Big, big salary cap hits impact the roster from top to bottom.
For example, even if the Steelers decide internally they’d like to cut oft-injured linebacker LaMarr Woodley, the $14 million cap hit they’d absorb from the dead money he’s owed, on top of Roethlisberger’s mega-sized cap hit, would severely limit their ability to sign free agents for the next two seasons.
Here’s a recent conversation I had with NFL Network analyst Brian Baldinger, a Pittsburgh native and former Duke lineman:
“That kills every team, if they’ve got dead money, the cap is against them — on a very flat cap (a cap that doesn’t go up much from season to season). When you pay your quarterback a lot of money like they pay Big Ben, and you look around the league right now, every team that’s paying a quarterback $20 million or thereabouts, no of their defenses are top 10 defenses.
“You just have a lot less money to work with. You almost have to bring a player back you’re paying because you can’t afford that money to go against you.”
Drew Brees is the only exception this season, as the Saints’ defense ranked No. 6 this season.
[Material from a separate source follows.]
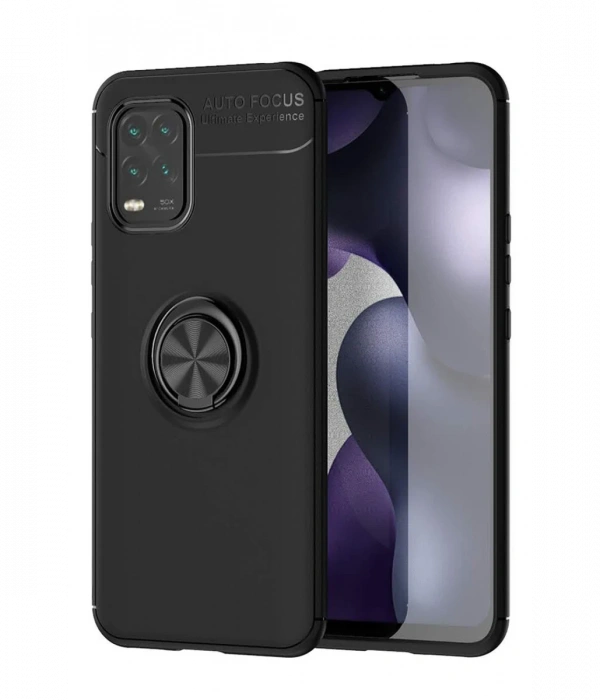 Newface Xiaomi Mi 10 Lite Kılıf Range Yüzüklü Silikon - Siyah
And while the biggest salaries are supposed to go to the top players on the best teams, see if you can spot a trend on this season’s salary cap hit list:
1-Eli Manning, Giants, $20,850,000
2-Matthew Stafford, Lions $17,820,000
3-Peyton Manning, Broncos $17,500,000
4-Drew Brees, Saints, $17,400,000
5-Jared Allen, Vikings $17,063,956
6-Darrelle Revis, Buccaneers $16,000,000
7-Tamba Hall, Chiefs $15,500,000
8-Cortland Finnegan, Rams $15,000,000
9-Julius Peppers, Bears $14,383,000
10-Adrian Peterson, Vikings $13,900,000
(All salaries are from spotrac.com)
Only three players on the list (Peyton Manning, Brees, Hali) made the playoffs this season; seven of the top 10 are sitting out the postseason.
By the way, Roethlisberger was No. 13 this season at $13,595,000, but that number jumps by more than FIVE million dollars next season.
And consider this: If the Steelers decide not to re-work Roethlisberger’s contract AND to cut Woodley before June 1 (after that date, they can spread the cap charge over two seasons), they will have accounted for $33 million worth of salary cap space, or 27 percent of last season’s cap of $123 million. For TWO players, one of whom won’t even be playing for them.
And if they wait until June 1 to jettison Woodley, his cap charge of $13,590,000 for 2014 counts against them until that date, or during the very period they would be out on the market possibly seeking his replacement.
Again, it’s not the salary, it’s the salary cap charge that can be a season-wrecker. And that’s what the Steelers will be risking if they don’t work out a new contract with Roethlisberger before next season.